Wednesday, July 23, 2008

RealD Cinema is a digital 3D stereoscopic projection technology which does not require two projectors

http://fullres.blogspot.com/

 

By Srivenkat Bulemoni, Filmmaking Techniques

 

RealD Cinema is a digital 3D stereoscopic projection technology which does not require two projectors, unlike some older 3D stereoscopic projection technology. A high-resolution digital projector using Texas Instruments' DLP Cinema technology is used.

 

Technology

The RealD 3-D system is based on the push-pull electro-optical modulator called the ZScreen invented by Lenny Lipton, an American inventor.

 

The technique that RealD uses is comparable to the traditional method of 3-D imaging which uses linearly polarized glasses. The traditional method works by projecting two differently linearly polarized images onto the same screen, polarized at +45° and -45° from the horizontal, which are then filtered by linearly polarized glasses worn by the audience.
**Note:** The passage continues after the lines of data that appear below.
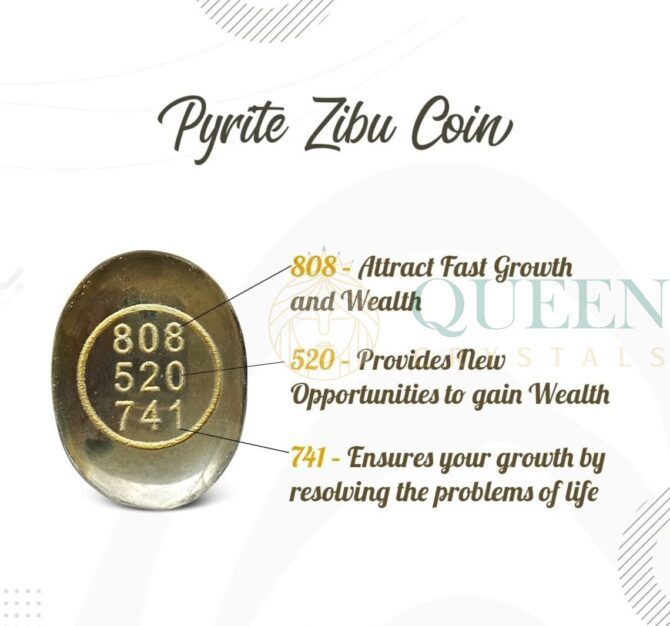 Pyrite Zibu Symbol Coins 3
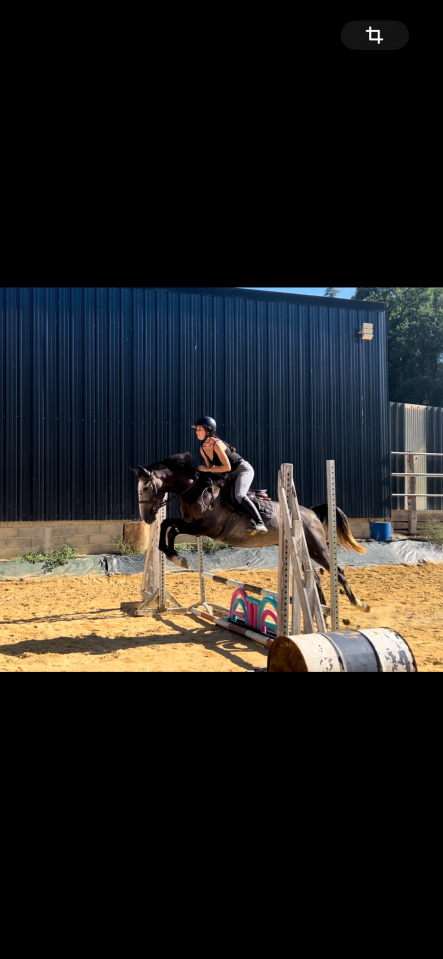Cheval de sport et loisirs 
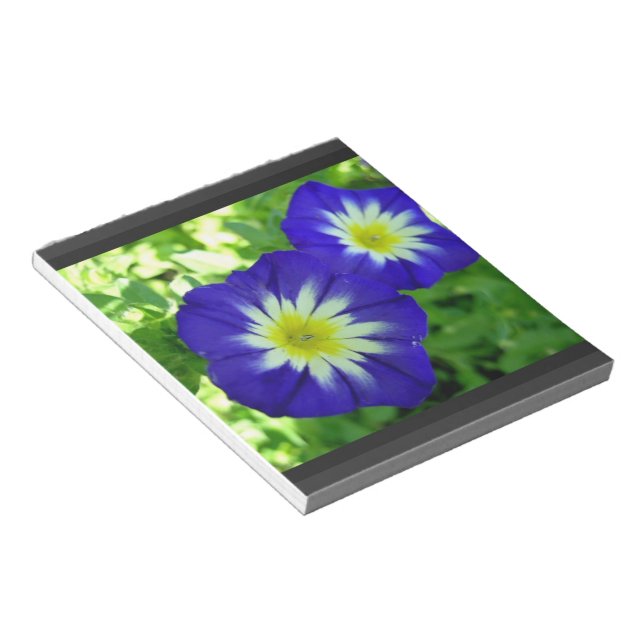 Blume des Morning Glory Notepad Notizblock (angewinkelt)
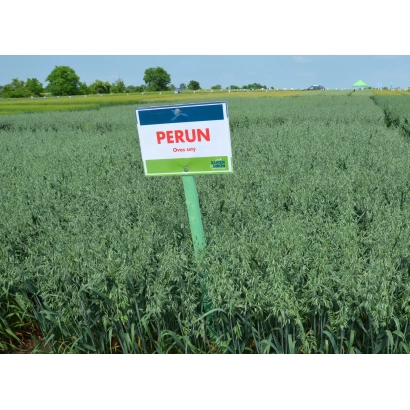 Поле вівса з табличкою PERUN - Перун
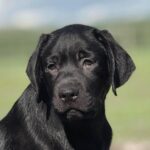 Upsider-male-Labrador-Retrivier-puppy-for-sale-1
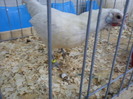 DSC00297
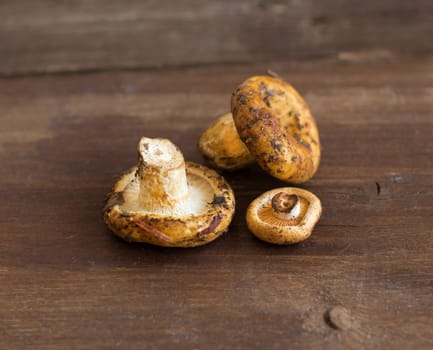 Saffron milk cap mushrooms on a wooden table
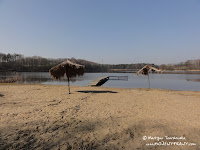 dsc06790.jpg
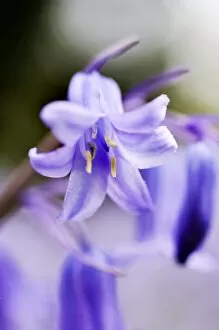 Purple Collection: Bluebells N071194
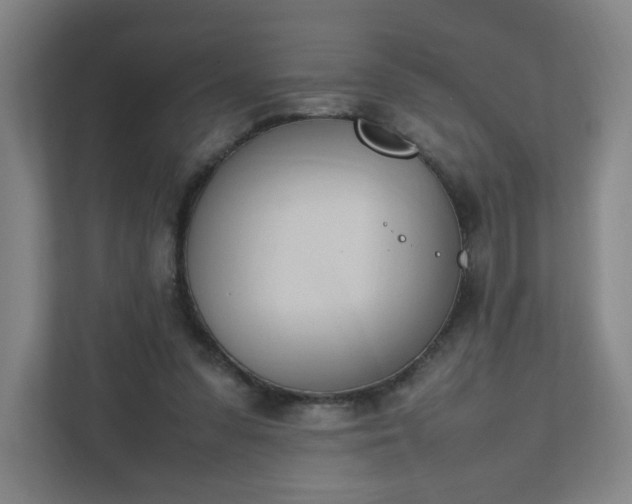 X0000111950303200908031203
This type of 3-D imaging requires two projectors, and suffers from visible double-imaging if the head is tilted to the side which places the glasses at an inappropriate angle.

 

RealD however uses a single projector that alternately projects the right-eye frame and left-eye frame, and circularly polarizes these frames, clockwise for the right-eye and counterclockwise for the left-eye, using a liquid-crystal screen placed in front of the projector lens. Circularly polarized glasses make sure each eye sees only "its own" picture, even if the head is tilted. The very high framerate, which is 72 frames per second per eye, makes sure the image looks continuous. In RealD Cinema, each frame is projected three times to reduce flicker, as the source video is usually 24 frames per second. The result is a seamless 3-D picture that seems to extend behind and in front of the screen itself.

 

Films featured using Real D

The first film released using this format was 2005's Chicken Little. For this release, the computer-animated film was re-rendered in 3-D by Industrial Light and Magic and exhibited on RealD Cinema Systems using Dolby Digital Cinema servers.

 

The 3D version of Chicken Little has so far earned about 2.5 times as much per screen as the flat version. When the movie was first shown in 2005, fewer than 100 theaters around the US were equipped to show the movie in 3D. These statistics are difficult to correlate on their own given the many unknown factors involved.

 

Also, a stereoscopic 3D version of the film Monster House was released in approximately 200 theaters equipped for RealD Cinema. In October 2006 and again in October 2007 The Nightmare Before Christmas was re-released in this technique as well.

 

Meet the Robinsons was released March 30th, 2007, in both traditional "flat" and "3D" versions of the film. The film was converted to stereo by Digital Domain. Some estimate over 700 screens for the 3D release of the film. That would make this release the largest up to that date using the RealD system.

 

Beowulf, directed by Robert Zemeckis, released in November 2007 is another film that uses the RealD 3D technology. Beowulf opened on close to 900 RealD screens. RealD at that point had passed its stated milestone of 1,000 global RealD screens installed for the release of Beowulf.

 

Hannah Montana & Miley Cyrus: The Best of Both Worlds Concert was released on February 1st, 2008, and marks another in the Disney stable of 3D films. Hannah Montana & Miley Cyrus: Best of Both Worlds Concert was only shown on digital 3D screens, 97% of which are RealD 3D screens, and brought in $31 million in its opening weekend, virtually all of which was generated in RealD theaters. (Disney Digital 3D films do not exhibit in IMAX 3D theaters, which utilize an analog technology).

 

U2 3D, U2's concert film based on the Vertigo Tour, debuted in RealD in 2008. The film was exhibited in both IMAX 3D and RealD Cinema.